## [Problem statement]
With the pictures left out, copy the listing below exactly.

## [Data provided]

○ ○ ○ ○ ○

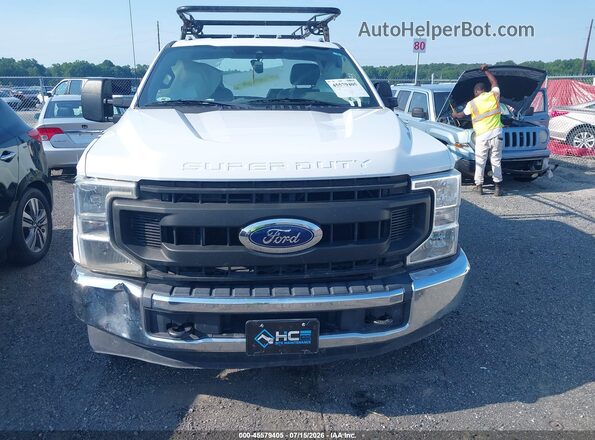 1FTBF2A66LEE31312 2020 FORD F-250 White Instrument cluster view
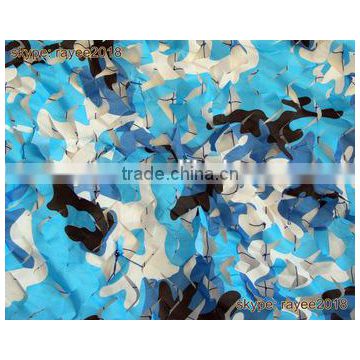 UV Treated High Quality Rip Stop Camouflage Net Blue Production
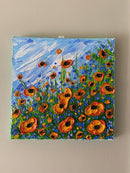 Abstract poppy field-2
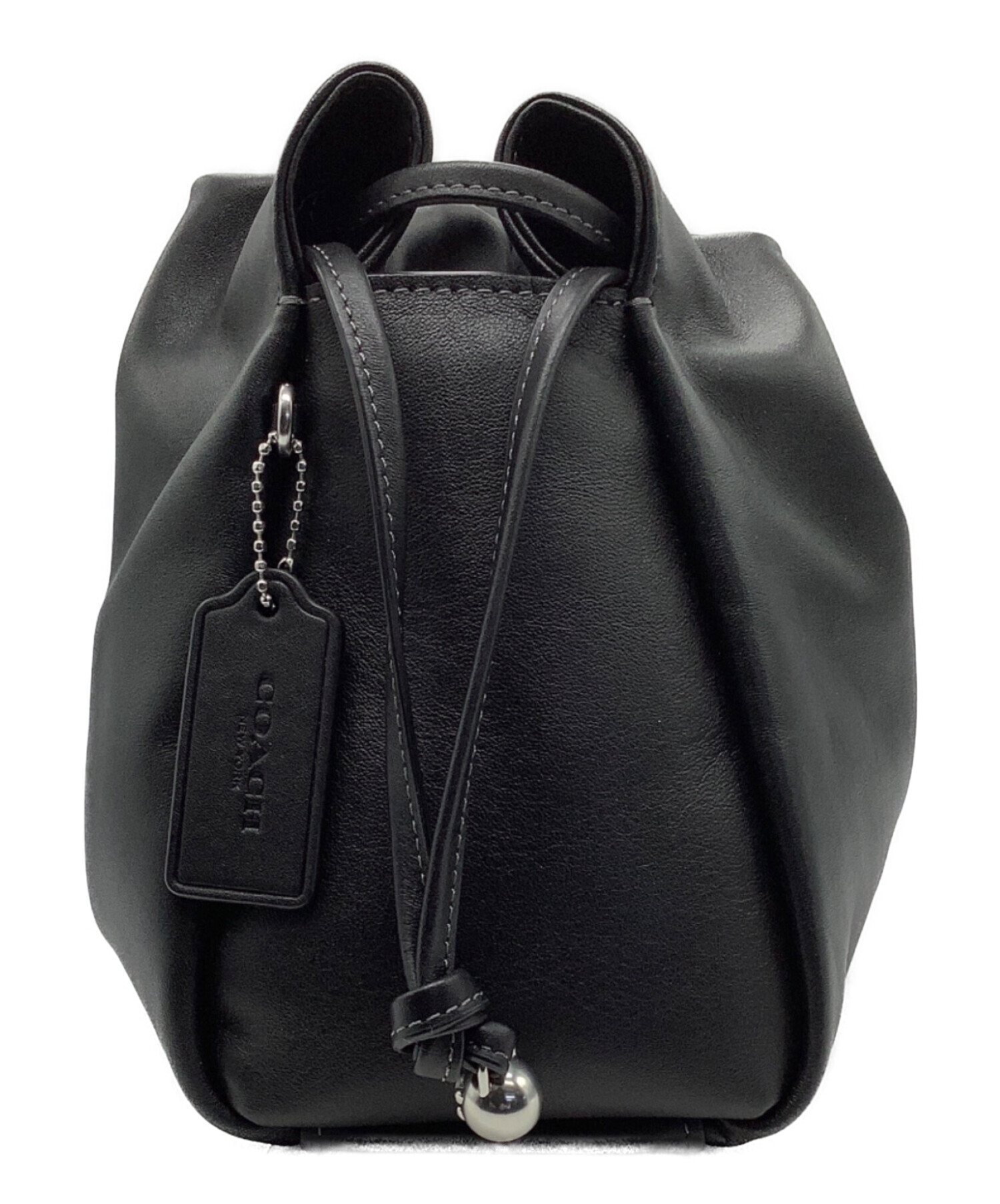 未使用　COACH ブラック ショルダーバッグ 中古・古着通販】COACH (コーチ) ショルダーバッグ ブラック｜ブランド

○ ○ ○ ○ ○

## [Result below]
 1FTBF2A66LEE31312 2020 FORD F-250 White Instrument cluster view
 UV Treated High Quality Rip Stop Camouflage Net Blue Production
 Abstract poppy field-2
 未使用　COACH ブラック ショルダーバッグ 中古・古着通販】COACH (コーチ) ショルダーバッグ ブラック｜ブランド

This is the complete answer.